We have highlighted two particular modelling approaches that are currently in individual use within ecology and social science, but which are rarely integrated (but see [28] for a public health example). We used the example of a particular conservation problem to show how their integration could bring benefits. But there is also a wider point: that methodological interchange between the social and ecological sciences is still more limited than it should be, even though they use the same modelling approaches in their own disciplines. For example, social and ecological feedbacks have been separately incorporated into systematic conservation planning, but not modelled together [82]; without incorporating both, the consequences of conservation action on the social–ecological system cannot be properly understood [5].

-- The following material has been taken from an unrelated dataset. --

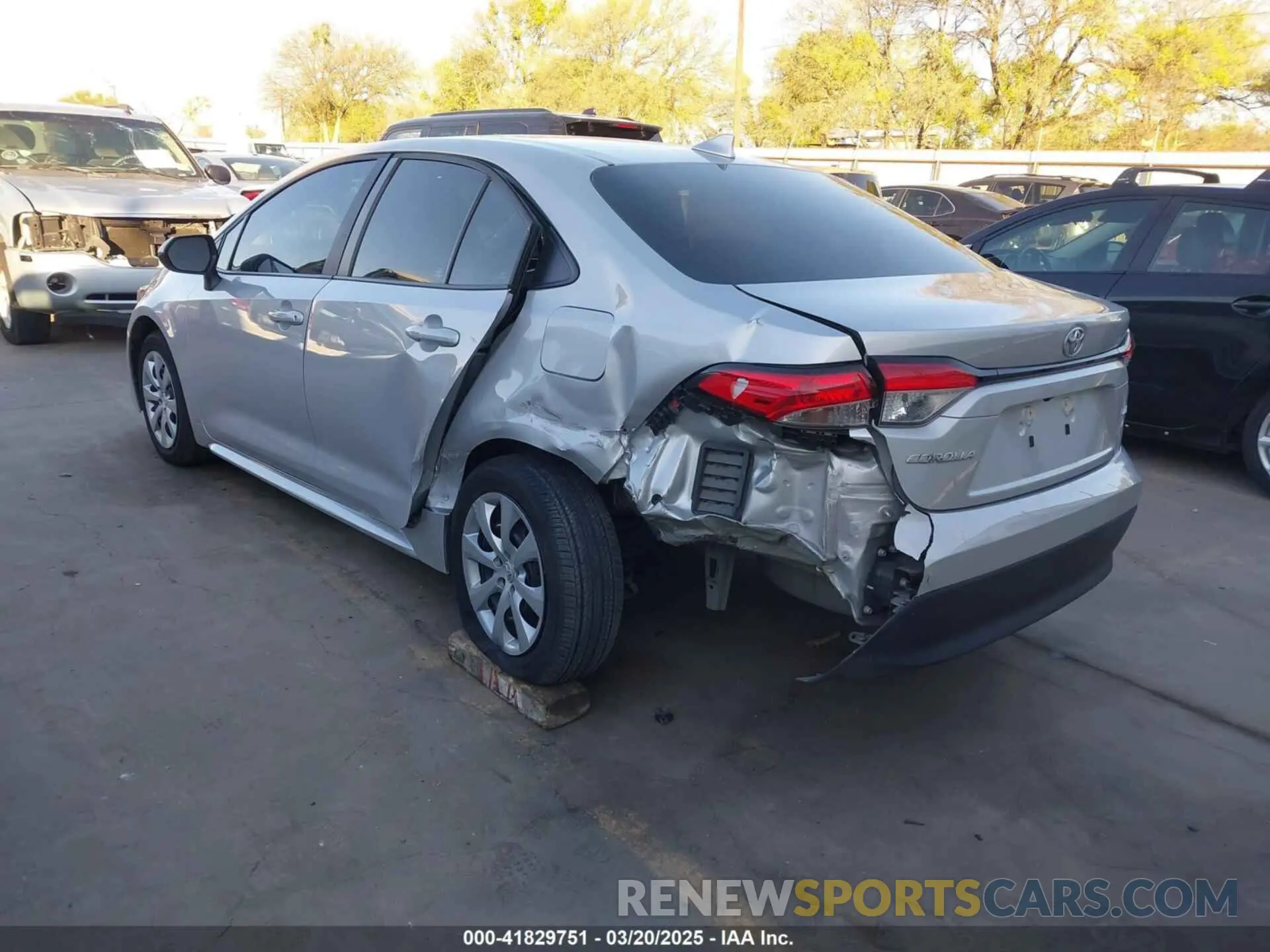 3 Photograph of a damaged car 5YFB4MDE7RP096805 TOYOTA COROLLA 2024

Part of the reason for this lack of integration is likely to be linguistic mismatches, such that it is not immediately clear that studies in ecology and social science are talking about the same thing (such as the terminology of individual-based versus agent-based model; [83]). Partly it may be that people still do not read papers in core disciplinary journals outside their own disciplines. To take one example, there is a growing literature on the determinants and consequences of network structure in ecology (e.g. in great tits, Parus major; [25,84]) and epidemiology (e.g. [27,85]) which is of direct relevance to conservationists' work on information-sharing between people, but as yet this linkage has not been explored. As conservation science becomes a discipline in its own right, one danger is that its interdisciplinary journals draw further away from its foundational disciplines, potentially leading to a lack of cross-fertilization. Interdisciplinarity is hard to achieve [86] and modelling is often viewed with suspicion by both conservationists and ecologists [87,88]. However, because conservationists operate within social–ecological systems, and aim to influence those systems in order to promote sustainability, it is important that these barriers to cross-disciplinary working are overcome.

The combined use of ABMs and SNAs to model the interactions between individual- and system-level dynamics, and predict the effect of conservation interventions on system dynamics, is one example of a way forward. This particular application will be further strengthened if we move beyond model-based prediction towards empirical testing of our hypothesized dynamics in the real world, within an adaptive management framework [89].